SÖS: Die Klimaneutralität bis 2035 hat für Stuttgart existenzielle Bedeutung. Es droht die Unbewohnbarkeit, wenn keine Maßnahmen eingeleitet werden, um den Kessel vor weiterer Erhitzung zu schützen. Nun deckte die Stuttgarter Zeitung auf: Da ist mächtig Sand im Getriebe an der Verwaltungsspitze! Das attestiert ein Gutachten von Drees & Sommer. Die StZ titelt: „Grabenkämpfe und ineffektive Abläufe gefährden das Klimaziel“ (10.10.2024). Sie schreibt zu den Ursachen: „Konkurrenzkämpfe, persönliche Konflikte, Führungsschwäche und unklare Aufgabenverteilung innerhalb der Stadtverwaltung.“ Also eine Arbeits-Klimakrise an der Stadtspitze! Du bist Mitglied im Ältestenrat, kennst die internen Vorgänge. Stimmt das?
HANNES ROCKENBAUCH: Ja, die Stuttgarter Zeitung beschreibt hier einen Teil der Ursachen, warum wir trotz ehrgeiziger Beschlüsse des Gemeinderats nicht schnell genug vorankommen. Zur Klarstellung: In Stuttgart passiert in letzter Zeit tatsächlich einiges im Vergleich zu anderen Städten. Unser Maßstab muss aber immer sein, was wäre nötig, um das Klimaziel 2035 tatsächlich zu erreichen und dafür tun wir deutlich zu wenig. Zur Wahrheit gehört aber eben auch, dass die Dimension der Klimakatastrophe nicht nur im Rat und in der Verwaltung, sondern auch in der Bevölkerung völlig unterschätzt wird. Mit unserem Antrag auf Klimanotstand sind wir jetzt zum siebten Mal gescheitert. München hat seit 2019 den Klimanotstand ausgerufen und dann seit 2021 seine Verwaltung konsequent umgebaut, um diesem Notstand auch Herr zu werden. In Stuttgart lässt OB Nopper zu, dass in Sachen Klima einfach weitergewurstelt wird.
Seit 20 Jahren macht Stadtrat Hannes Rockenbauch Vorschläge für den klimagerechten Umbau von Stuttgart.
OB Nopper auf der Flucht
SÖS: Nopper verließ sogar den Saal, als Drees & Sommer ihr Gutachten vorstellte! Ist das nicht die Botschaft: „Ich will nichts davon wissen!“ ?

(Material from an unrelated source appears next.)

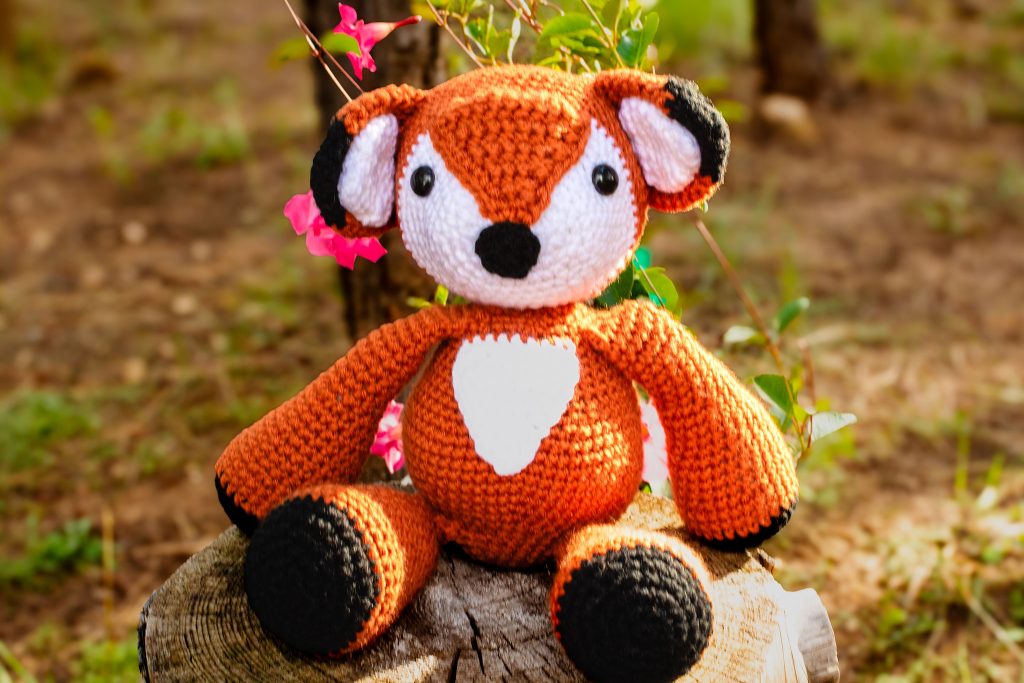 Crochet Fox Plush Toy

HANNES ROCKENBAUCH: Ja. Der Oberbürgermeister war zum Tagesordnungspunkt davor extra in den Ausschuss gekommen, ist dann aber schnell wieder entschwunden. In diesem Tagesordnungspunkt ging es nicht um die Bewältigung der „größten Herausforderung der Menschheitsgeschichte“, sondern er wollte seinen absurden 11 Punkte Plan für mehr Sicherheit in Stuttgart verteidigen. Diese Prioritätensetzung offenbart, was für Nopper wirklich Chefsache ist. Wenn es darum geht, beim Thema Sicherheit und Migration mit seinen spalterischen Ideen und Maßnahmen am äußersten rechten Rand zu fischen, dann ist er dabei. Wenn es darum geht, dass er und seine Verwaltung bei der Umsetzung beschlossener Klimaziele versagen, flüchtet er. Besser konnte er seine Haltung nicht demonstrieren.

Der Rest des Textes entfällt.